**** Raw data ****

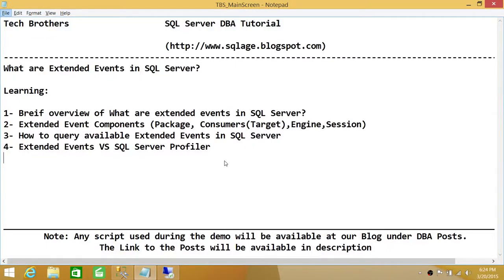Welcome to Tech Brothers. In this video we're going to learn what are extended events in SQL Server. We'll cover a brief overview of extended events, components such as packages, consumers (also known as targets), engine and session, how to query available extended events in SQL Server, and extended events versus SQL Server Profiler.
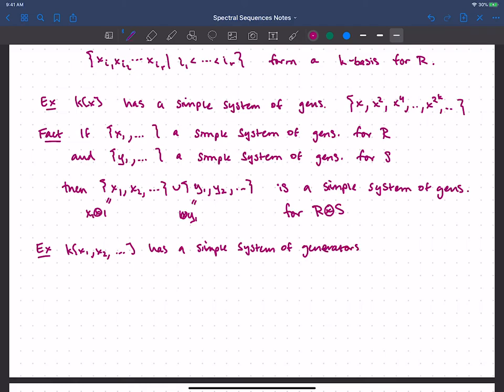So for a polynomial ring in multiple variables, the simple system of generators consists of all the x_i raised to powers of 2, running over both the index i and the power k. That gives us our basis of monomials.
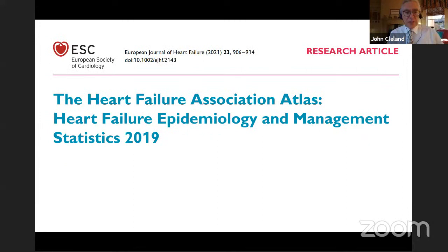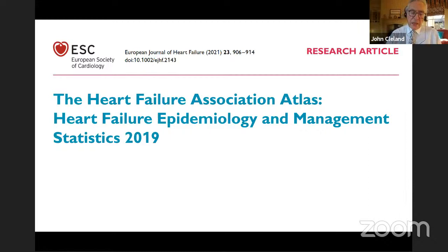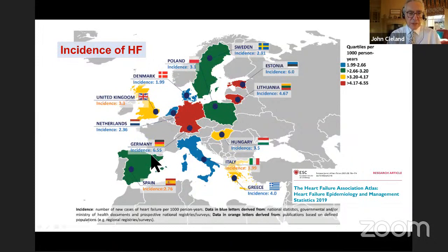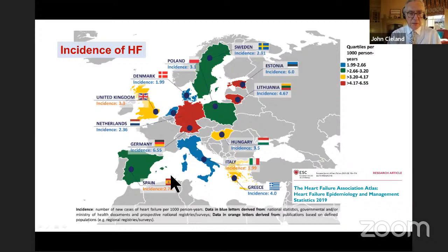I'll start with the Heart Failure Association Atlas on Heart Failure Epidemiology and Management, published earlier this year. It highlights the size of the problem. Here are the European countries and the incidence of heart failure. In Germany, the incidence is 6.55 per thousand person years, which is double that in the United Kingdom, which is three times that in Denmark. A bit odd that the incidence varies so much around Europe.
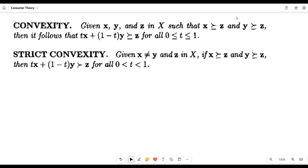The next assumption is convexity. There are three bundles — X, Y, and Z — all belonging to the consumption set. If X is at least as preferable as Z, and Y is also at least as preferable as Z, then the linear combination of X and Y will also be at least as preferable as Z. This average or linear combination means we can create an infinite number of combinations of X and Y, and each will be at least as preferable as Z. This is weak convexity, as you can see the equality sign is present.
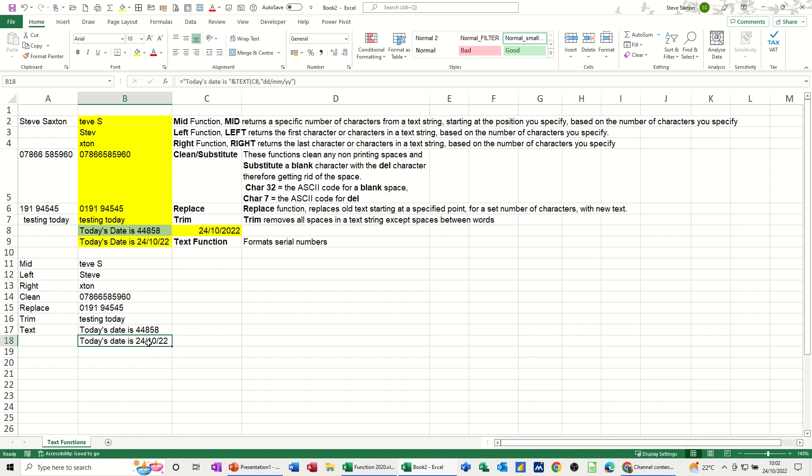Then that formats that into a proper date format as opposed to a number. So this is just a very short video of how you can use some of the text functions to get a result that you require. We've looked at the MID, the LEFT, the RIGHT, CLEAN and SUBSTITUTE, CHAR function, REPLACE, TRIM, and the TEXT function. Hopefully this video has been of use. Thank you for your time and I'll catch you on the next one.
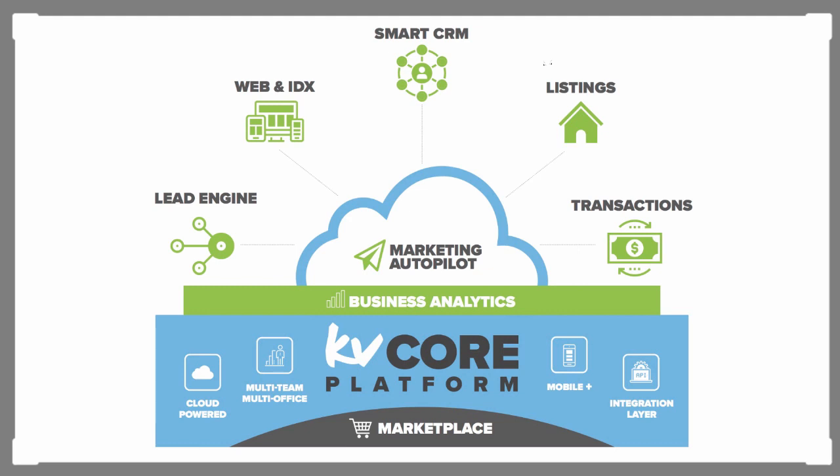It's also fully integrated into third-party tools that you can run directly into KVCore. So it's a completely scalable, all-inclusive platform for modern brokerages and agents. There's no limit to the scalability. I'm going to take you behind the scenes and show you the platform right now.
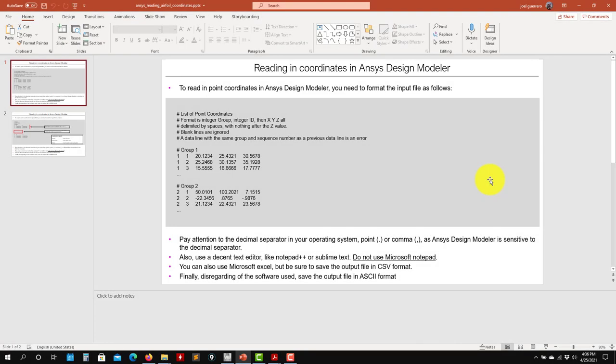Hey there! Welcome back to the second video. In this video I'm going to show you how to read in the airfoil coordinates to generate the airfoil. So we're going to use the two geometry tools that we're using with ANSYS Workbench, that is Design Modeler and SpaceClaim.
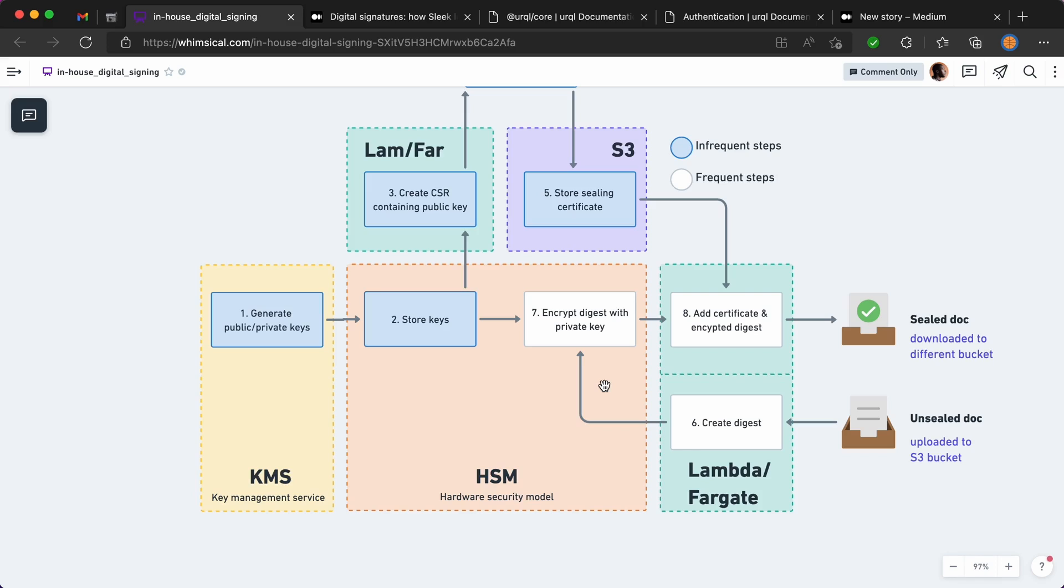And that's essentially it. That is how you can use cloud services to sign a PDF programmatically.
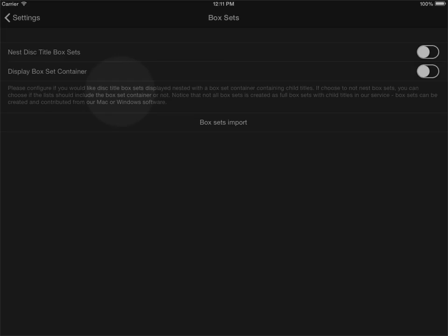Over time box sets should be better populated in the online service as well. Be aware that you can always take part in creating box sets in the service by using our Windows or Mac application and contribute the box sets to the service. So this concludes the video on how to use box sets in the MyMovies application. Thank you for watching.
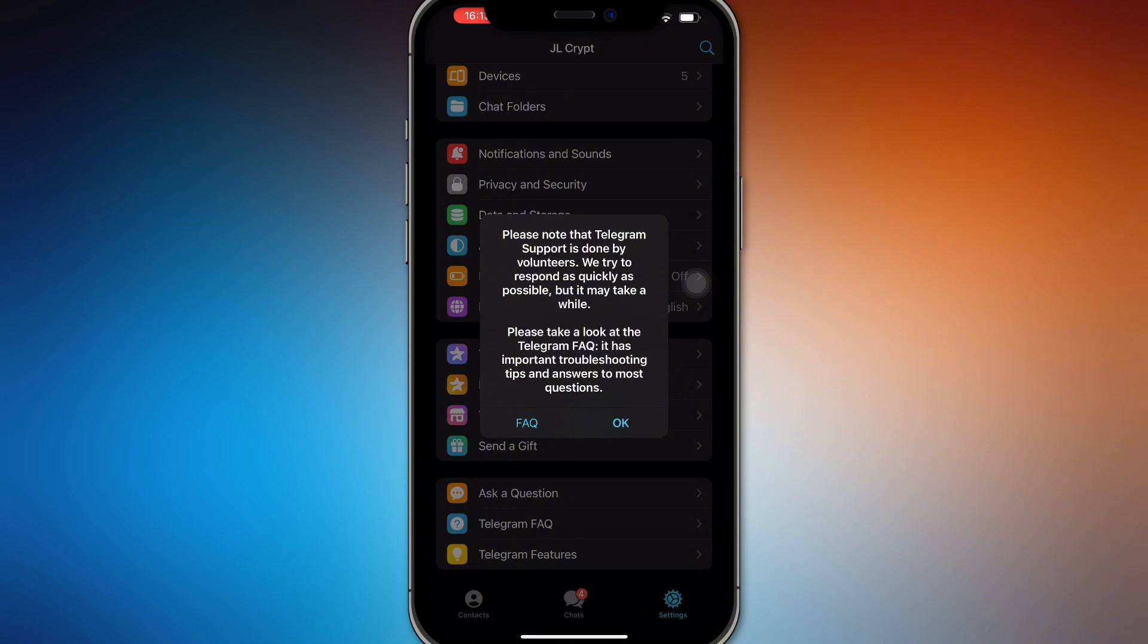As you can see, please take a look in the FAQ as it has important troubleshooting tips that they can answer first. But if it doesn't help, you want to go to the Ask a Question support chat in Telegram.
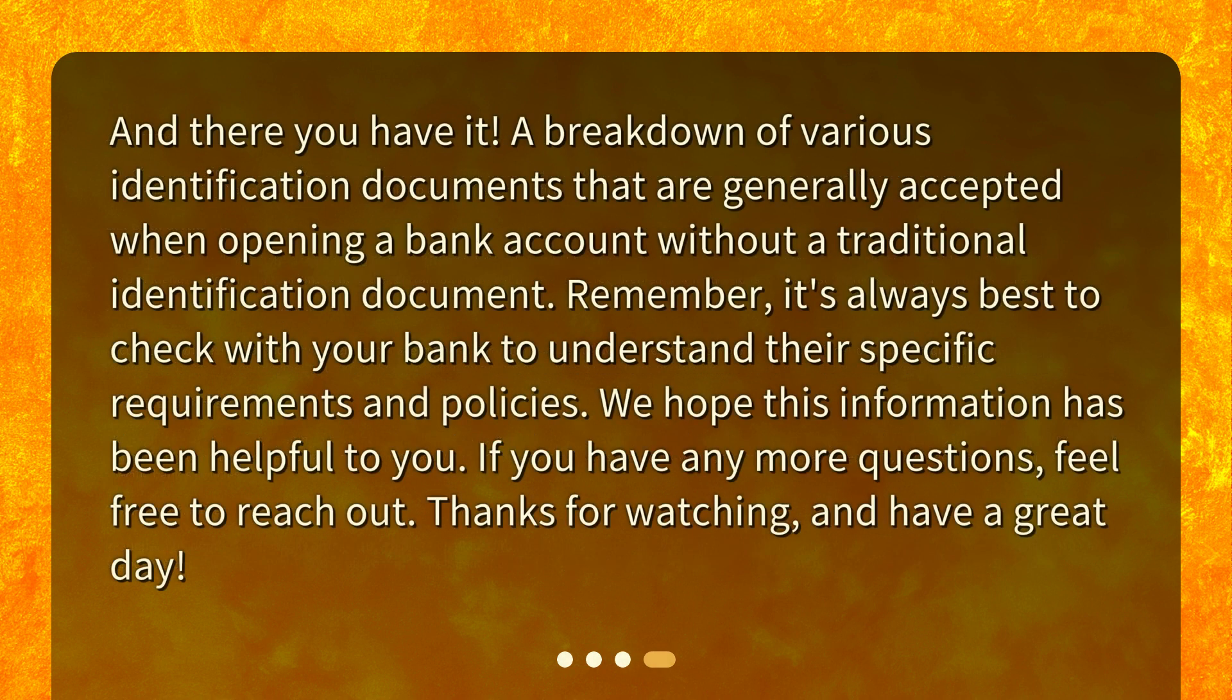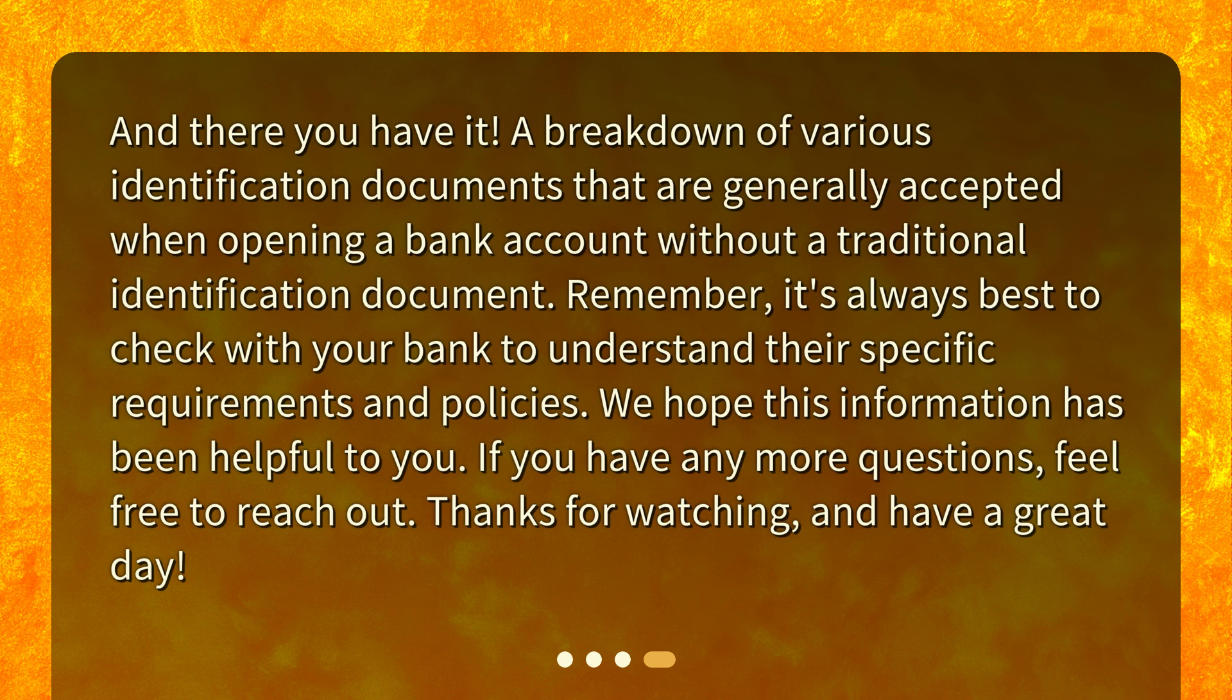And there you have it! A breakdown of various identification documents that are generally accepted when opening a bank account without a traditional identification document. Remember, it's always best to check with your bank to understand their specific requirements and policies. We hope this information has been helpful to you. If you have any more questions, feel free to reach out. Thanks for watching, and have a great day!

****

- Assigned task -
Using the data above, copy exactly the lines from the one containing "And that's essentially" to the one containing "Over time box", inclusive. Exclude the pictures.

- Task answer -
And that's essentially it. That is how you can use cloud services to sign a PDF programmatically.
Over time box sets should be better populated in the online service as well. Be aware that you can always take part in creating box sets in the service by using our Windows or Mac application and contribute the box sets to the service. So this concludes the video on how to use box sets in the MyMovies application. Thank you for watching.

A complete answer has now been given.